There is often considerable confusion when it comes to applying correlations versus linear regressions \citep{Twomey:2008en}. in general, remember that correlations coefficients provide an indication of the association between the variables, while linear regression determines the linear relationship (if there is one) between the variables. Like correlation, covariance provides an indication of the association between variables, but is also impacted by the units and magnitude of the variables. If, for example, two variables are perfectly correlated ($r=1$), but the magnitude of $X$ varies much more than the magnitude of $Y$, then $X$ will have a greater impact on the covariance.


\subsection{Multivariate descriptive statistics}

Covariances, correlations, and linear regressions can all be generalized to more than two variables. Let's begin with an examination of the covariance matrix. Take the column vector $\textbf{X}$ of random scalar variables $X_1 ... X_n$. Each $X_i$ has its own mean and variance. The covariance matrix $\Sigma$ has entries $i, j$ that describe the covariance between $X_i$ and $X_j$:

\begin{equation}
\Sigma_{i, j} = cov(X_i, X_j)
\end{equation}

The diagonal of the covariance matrix contains the variance of each element of $\textbf{X}$, as the variance of a variable is its covariance with itself.

Since $cov(X_i, X_j)=cov(X_j, X_i)$, the covariance matrix $\Sigma$ is symmetric.

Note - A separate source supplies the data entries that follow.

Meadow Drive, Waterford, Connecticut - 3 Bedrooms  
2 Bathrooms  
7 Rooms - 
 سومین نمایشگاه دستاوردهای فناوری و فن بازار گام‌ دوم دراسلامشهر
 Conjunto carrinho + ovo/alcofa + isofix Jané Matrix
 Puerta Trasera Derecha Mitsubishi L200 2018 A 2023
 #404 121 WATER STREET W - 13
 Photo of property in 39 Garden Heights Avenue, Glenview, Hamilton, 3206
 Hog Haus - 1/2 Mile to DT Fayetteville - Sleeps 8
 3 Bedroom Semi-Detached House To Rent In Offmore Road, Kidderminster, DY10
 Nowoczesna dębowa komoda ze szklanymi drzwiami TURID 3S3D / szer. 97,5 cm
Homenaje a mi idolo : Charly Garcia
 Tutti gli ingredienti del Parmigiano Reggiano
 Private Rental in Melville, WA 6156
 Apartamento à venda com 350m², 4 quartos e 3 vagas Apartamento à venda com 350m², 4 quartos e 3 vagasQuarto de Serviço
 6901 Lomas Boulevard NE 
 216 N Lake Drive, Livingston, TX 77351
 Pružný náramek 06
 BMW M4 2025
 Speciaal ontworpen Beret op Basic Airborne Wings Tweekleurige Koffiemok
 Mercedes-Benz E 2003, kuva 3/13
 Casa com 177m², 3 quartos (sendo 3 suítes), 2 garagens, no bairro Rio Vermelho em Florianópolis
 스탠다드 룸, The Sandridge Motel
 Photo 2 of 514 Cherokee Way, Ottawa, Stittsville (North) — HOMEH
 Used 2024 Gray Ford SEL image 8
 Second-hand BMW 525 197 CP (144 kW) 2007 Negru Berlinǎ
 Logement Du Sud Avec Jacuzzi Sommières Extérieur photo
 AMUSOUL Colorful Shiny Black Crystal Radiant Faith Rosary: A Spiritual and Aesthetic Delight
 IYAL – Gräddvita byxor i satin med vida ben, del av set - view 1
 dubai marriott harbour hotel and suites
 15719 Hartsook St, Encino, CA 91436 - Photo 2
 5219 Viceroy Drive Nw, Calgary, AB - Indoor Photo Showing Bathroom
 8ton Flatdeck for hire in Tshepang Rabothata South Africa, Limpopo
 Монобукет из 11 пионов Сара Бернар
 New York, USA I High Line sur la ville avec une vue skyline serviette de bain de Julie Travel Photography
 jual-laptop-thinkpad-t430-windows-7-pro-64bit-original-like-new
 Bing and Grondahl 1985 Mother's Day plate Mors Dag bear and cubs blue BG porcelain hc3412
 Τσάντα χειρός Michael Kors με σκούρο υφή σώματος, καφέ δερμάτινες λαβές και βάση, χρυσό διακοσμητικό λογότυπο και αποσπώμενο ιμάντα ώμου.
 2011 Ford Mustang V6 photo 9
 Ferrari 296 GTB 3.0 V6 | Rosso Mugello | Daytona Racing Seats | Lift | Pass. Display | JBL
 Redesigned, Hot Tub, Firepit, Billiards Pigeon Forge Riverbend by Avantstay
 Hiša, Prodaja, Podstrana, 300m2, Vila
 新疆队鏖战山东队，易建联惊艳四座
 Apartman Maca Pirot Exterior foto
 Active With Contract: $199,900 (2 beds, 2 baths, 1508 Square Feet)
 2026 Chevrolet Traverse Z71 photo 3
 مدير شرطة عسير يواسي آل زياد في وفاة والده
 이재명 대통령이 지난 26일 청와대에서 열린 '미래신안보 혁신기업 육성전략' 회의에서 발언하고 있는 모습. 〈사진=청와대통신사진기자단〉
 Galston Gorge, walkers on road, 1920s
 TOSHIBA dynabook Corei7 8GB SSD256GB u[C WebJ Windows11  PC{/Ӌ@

The elements $i, j$ of the correlation matrix can be readily derived from the covariance matrix as $\Sigma_{i, j}/(\sigma_i \sigma_j)$. The elements of the diagonal of the correlation matrix are all 1, since they are the variance of element $i$ divided by the variance of element $i$. This makes sense since $X_i$ is perfectly correlated with itself as long as its variance is nonzero. % The R function cov2cor() converts a covariance matrix to a correlation matrix

The covariance matrix can also be used to compute the multiple regression of a particular variable $X_k$ against all other variables. This is done by simply dividing the entire covariance matrix by the variance $\sigma^2_k$. The elements of column $k$ and row $k$ are the partial regression of each variable against $X_k$. Diagonal element $k$ will be 1, since it is $\sigma^2_k$ divided by $\sigma^2_k$, This makes sense since linear regression of $X_i$ against itself has slope 1. % Need to look into multiple regression a bit more, are the other rows and columns the residuals after eliminating the effect of variable k? See pages 59-61 of Grafen:2002vr

One of the most popular summaries of multivariate data is the Principal Component Analysis (PCA), which is a particular manipulation of the covariance matrix. 



\section{Probability distributions}

A probability density function indicates the relative likelihood of a variable taking on a particular value. The probability of the variable taking on a value in a particular range is given by the integral of the the probability density function over that range. The total area under the probability density function is 1, i.e. it encompasses all potential outcomes.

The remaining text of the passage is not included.